The smiles that lit up the Indian apparel export industry during the last few weeks when the rupee slid against the dollar, is now beginning to fade.

Overseas buyers are now increasingly insisting on a reduction in prices or discount, as they see the margins of Indian exporters rallying in the wake of the rupee slide. Margins for the domestic apparel exporters have risen by about five to seven per cent in recent weeks.

“Now our buyers are asking for a discount. They say that we can pass on a Rs 1-2 per dollar benefit in the current scenario,” a senior office-bearer of the Apparel Export Promotion Council, said.

Exports

The council is, however, optimistic that India’s apparel exports would grow by 15 per cent this fiscal. Last fiscal, there was a drop to $12.7 billion from $13.4 billion due to the global economic slowdown.
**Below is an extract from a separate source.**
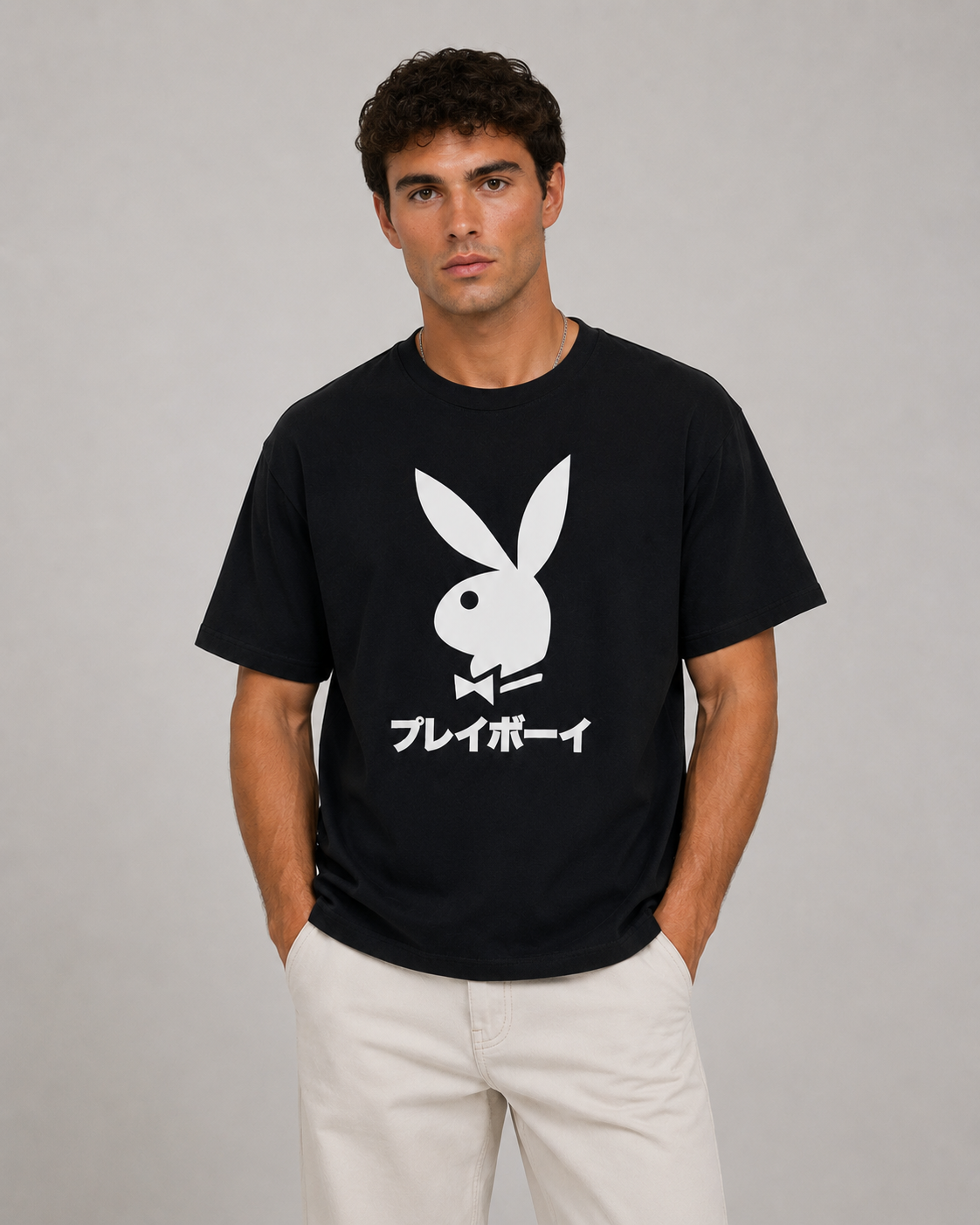 Playboy Japanese Rabbit Head t-shirt cotone nera unisex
“In the last two months, we have seen a 10 per cent growth over the corresponding months of the last fiscal. While the US markets began to pick up, the rupee depreciation also helped push up exports,” A. Sakthivel, Chairman of the council, told Business Line. However, shortage of skilled labour is posing a serious challenge to the industry. The demand for skilled workers is estimated to increase by two million from the existing pool of 12.4 million in the next four years.
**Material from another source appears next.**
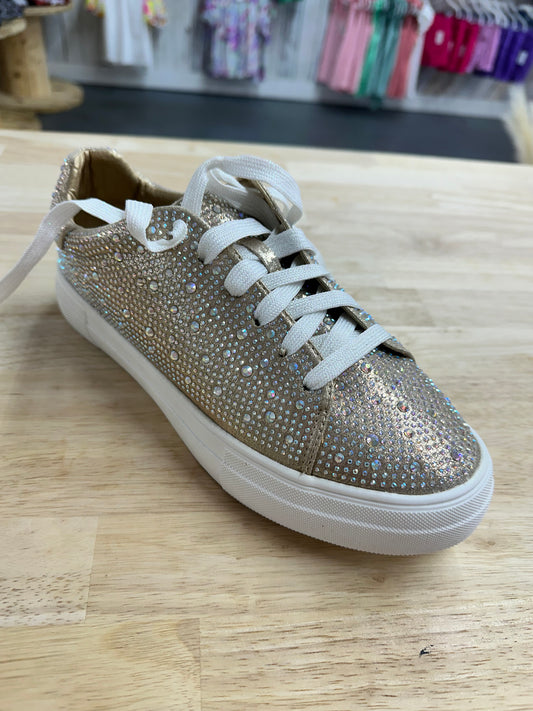 CHAMPAGNE BEDAZZLED GLITTER LOW SNEAKERS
Taking up this challenge, the Apparel Training and Design Centre, an apex body under the council, is set to train 2.50 lakh people in the current Plan period. Last fiscal, it trained 60,000 people in various skills including fashion design, apparel making, export merchandising and computer aided design. “We plan to expand our network of training centres from the present 177 to 250 in the next four years,” Darlie Koshy, CEO of the centre, said.

He said those completing the centre’s courses, which range from four weeks to six months, were getting an entry level salary of between Rs 8,000 and Rs 12,000 a month in the apparel industry.